Charges at other companies vary. Payless charges a daily fee of $2.95, capped at $14.95 per month, beginning with the first day a driver goes through an electronic toll plaza and continuing for each remaining day of the rental term, even if the driver incurs no more tolls.

Payless sister companies Avis and Budget have similar policies, but charge $3.95 per day, up to $19.75 per month.

The Enterprise Group of rental car companies, which includes Enterprise, Alamo and National, also charge fees of $3.95 per day, capped at $19.75. However, customers only incur a fee on days in which they pass through an electronic toll booth.

Audi's luxury brand, Silvercar, is friendlier, charging a one-time fee of $4.95, which spokesman Robert Ferrara told me is enough to cover the costs the company incurs from handling cashless tolling.

With all the companies, customers typically have the choice of providing their own transponders in order to avoid the fees, though my experience with Dollar raises questions about how frequently renters are informed about that option.

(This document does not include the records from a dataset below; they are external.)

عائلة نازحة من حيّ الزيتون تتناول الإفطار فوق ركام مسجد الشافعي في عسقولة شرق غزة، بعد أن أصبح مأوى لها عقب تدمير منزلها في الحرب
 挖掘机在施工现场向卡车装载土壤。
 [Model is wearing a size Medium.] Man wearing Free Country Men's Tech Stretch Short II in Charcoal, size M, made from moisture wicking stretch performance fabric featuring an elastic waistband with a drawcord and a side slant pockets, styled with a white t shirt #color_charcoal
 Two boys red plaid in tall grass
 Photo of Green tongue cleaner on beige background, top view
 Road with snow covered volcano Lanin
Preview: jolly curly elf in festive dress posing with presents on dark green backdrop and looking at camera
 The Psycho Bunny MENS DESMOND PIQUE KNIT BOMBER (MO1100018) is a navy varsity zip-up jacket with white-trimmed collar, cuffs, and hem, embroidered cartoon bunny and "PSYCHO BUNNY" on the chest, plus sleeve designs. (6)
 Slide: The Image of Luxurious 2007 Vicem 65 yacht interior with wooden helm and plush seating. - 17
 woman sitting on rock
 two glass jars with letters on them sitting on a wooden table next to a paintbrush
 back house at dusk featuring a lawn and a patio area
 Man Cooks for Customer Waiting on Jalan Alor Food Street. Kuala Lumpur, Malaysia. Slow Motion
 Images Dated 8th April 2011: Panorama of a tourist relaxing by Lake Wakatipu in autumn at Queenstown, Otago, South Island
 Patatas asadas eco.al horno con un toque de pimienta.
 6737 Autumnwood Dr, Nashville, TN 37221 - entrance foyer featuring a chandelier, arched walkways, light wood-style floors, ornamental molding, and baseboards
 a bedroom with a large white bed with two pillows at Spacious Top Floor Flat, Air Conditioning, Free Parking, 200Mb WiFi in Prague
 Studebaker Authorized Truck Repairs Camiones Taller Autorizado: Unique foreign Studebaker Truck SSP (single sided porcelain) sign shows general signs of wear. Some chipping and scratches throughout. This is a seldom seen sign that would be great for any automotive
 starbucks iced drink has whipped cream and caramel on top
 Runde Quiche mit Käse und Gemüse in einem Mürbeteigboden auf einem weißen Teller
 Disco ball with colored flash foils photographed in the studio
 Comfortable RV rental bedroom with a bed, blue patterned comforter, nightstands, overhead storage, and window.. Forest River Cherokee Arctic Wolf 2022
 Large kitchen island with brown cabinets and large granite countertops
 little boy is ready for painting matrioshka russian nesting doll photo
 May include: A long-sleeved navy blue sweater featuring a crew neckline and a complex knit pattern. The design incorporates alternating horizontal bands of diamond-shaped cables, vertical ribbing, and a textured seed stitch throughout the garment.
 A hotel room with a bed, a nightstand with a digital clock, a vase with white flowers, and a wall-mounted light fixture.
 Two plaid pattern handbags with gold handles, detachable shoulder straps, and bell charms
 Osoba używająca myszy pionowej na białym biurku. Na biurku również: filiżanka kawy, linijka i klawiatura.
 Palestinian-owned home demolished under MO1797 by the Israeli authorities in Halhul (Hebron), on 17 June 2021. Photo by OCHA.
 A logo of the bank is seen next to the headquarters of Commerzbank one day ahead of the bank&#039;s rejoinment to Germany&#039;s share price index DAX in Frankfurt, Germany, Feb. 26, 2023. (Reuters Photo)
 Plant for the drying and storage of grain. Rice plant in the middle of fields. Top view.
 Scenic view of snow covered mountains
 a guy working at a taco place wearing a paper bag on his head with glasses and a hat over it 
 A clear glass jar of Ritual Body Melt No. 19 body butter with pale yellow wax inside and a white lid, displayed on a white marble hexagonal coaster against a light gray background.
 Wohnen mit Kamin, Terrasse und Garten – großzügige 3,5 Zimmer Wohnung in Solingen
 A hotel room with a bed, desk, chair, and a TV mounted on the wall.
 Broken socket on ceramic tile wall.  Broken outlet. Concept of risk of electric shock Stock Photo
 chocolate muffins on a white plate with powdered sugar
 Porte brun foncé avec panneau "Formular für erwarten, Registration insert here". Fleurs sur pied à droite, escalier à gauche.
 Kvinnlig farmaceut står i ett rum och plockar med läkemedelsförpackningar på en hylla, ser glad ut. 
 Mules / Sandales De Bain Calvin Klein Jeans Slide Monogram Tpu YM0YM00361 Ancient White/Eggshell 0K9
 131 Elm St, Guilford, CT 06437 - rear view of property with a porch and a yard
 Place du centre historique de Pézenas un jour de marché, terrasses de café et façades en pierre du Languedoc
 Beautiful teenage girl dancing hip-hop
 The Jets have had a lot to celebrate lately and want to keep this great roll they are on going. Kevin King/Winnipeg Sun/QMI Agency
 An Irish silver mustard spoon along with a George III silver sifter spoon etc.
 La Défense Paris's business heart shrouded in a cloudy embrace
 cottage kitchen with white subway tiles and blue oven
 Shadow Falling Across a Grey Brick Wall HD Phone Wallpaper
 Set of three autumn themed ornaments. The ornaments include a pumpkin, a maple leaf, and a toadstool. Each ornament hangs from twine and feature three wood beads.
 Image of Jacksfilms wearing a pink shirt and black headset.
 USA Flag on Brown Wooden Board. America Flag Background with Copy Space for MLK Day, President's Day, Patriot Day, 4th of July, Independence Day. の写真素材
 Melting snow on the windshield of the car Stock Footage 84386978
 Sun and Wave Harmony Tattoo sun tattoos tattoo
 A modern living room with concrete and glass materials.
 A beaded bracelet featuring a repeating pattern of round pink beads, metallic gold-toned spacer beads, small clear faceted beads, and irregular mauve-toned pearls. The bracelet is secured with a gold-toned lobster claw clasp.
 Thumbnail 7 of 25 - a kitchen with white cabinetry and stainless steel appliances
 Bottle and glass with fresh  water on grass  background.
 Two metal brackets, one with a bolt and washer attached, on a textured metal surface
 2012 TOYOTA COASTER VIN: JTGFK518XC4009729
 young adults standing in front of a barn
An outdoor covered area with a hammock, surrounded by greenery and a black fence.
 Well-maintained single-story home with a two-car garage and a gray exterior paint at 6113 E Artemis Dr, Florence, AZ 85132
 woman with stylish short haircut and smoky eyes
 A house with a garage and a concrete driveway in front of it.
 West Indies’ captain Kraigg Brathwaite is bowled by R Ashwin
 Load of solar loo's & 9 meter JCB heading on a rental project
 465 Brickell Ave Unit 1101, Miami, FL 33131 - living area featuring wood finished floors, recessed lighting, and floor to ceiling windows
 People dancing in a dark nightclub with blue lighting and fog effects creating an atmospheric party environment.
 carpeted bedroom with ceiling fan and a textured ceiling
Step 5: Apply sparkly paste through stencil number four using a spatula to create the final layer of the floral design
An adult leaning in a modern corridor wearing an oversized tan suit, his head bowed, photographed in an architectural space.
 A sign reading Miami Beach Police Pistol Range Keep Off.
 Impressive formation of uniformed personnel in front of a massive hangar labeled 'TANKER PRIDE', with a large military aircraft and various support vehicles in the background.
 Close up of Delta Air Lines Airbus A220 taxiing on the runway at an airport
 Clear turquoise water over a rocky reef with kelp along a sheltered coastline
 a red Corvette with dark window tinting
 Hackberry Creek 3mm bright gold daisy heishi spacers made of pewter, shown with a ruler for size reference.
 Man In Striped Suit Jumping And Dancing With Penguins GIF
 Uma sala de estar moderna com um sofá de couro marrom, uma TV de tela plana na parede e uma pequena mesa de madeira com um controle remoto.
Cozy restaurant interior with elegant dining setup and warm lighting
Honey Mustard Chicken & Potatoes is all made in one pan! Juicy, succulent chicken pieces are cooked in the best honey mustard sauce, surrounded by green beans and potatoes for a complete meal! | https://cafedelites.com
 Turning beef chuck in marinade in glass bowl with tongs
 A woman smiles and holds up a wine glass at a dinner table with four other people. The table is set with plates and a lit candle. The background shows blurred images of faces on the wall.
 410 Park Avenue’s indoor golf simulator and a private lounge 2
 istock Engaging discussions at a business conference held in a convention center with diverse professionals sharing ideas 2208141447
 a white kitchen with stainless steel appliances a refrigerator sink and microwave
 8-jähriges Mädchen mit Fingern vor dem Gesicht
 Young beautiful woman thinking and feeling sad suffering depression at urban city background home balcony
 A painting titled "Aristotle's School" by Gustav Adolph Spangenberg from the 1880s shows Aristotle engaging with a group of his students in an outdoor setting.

In an email, Lauren Luster, communications manager for Dollar parent the Hertz Corp., said that electronic tolling administrative fee policies for Dollar, Thrifty and Hertz are clearly stated in rental agreements and are also on websites and other corporate materials, including within the vehicles.

"We also recently updated our training to ensure that all customer-facing employees are fully versed on our product offerings and disclosures," she wrote.

As for the amount of the fees, she said they offset costs associated with dealing with electronic tolling, including providing transponders, paying the tolling authority and identifying the correct renters to bill.

In a phone interview, Michelle Couch-Friedman, executive director of the consumer group Elliott Advocacy, questioned why rental car companies should charge administrative fees for electronic tolling at all as opposed to the simpler and more transparent step of building administrative costs into the rental price.

"It's a questionable practice, because it really doesn't cost the rental agency anything," she said. "There's no one sitting around in a rental office that needs to be paid $19.99."

Couch-Friedman said that most of the complaints Elliott has received related to such fees have come from drivers who were unaware they would pass through cashless toll plazas. She advises consumers to learn the toll and transponder policies of rental companies before making a reservation.

Further, she said, renters who intend to use their own transponders should make sure the rental company's transponder is switched off in order to avoid being charged twice.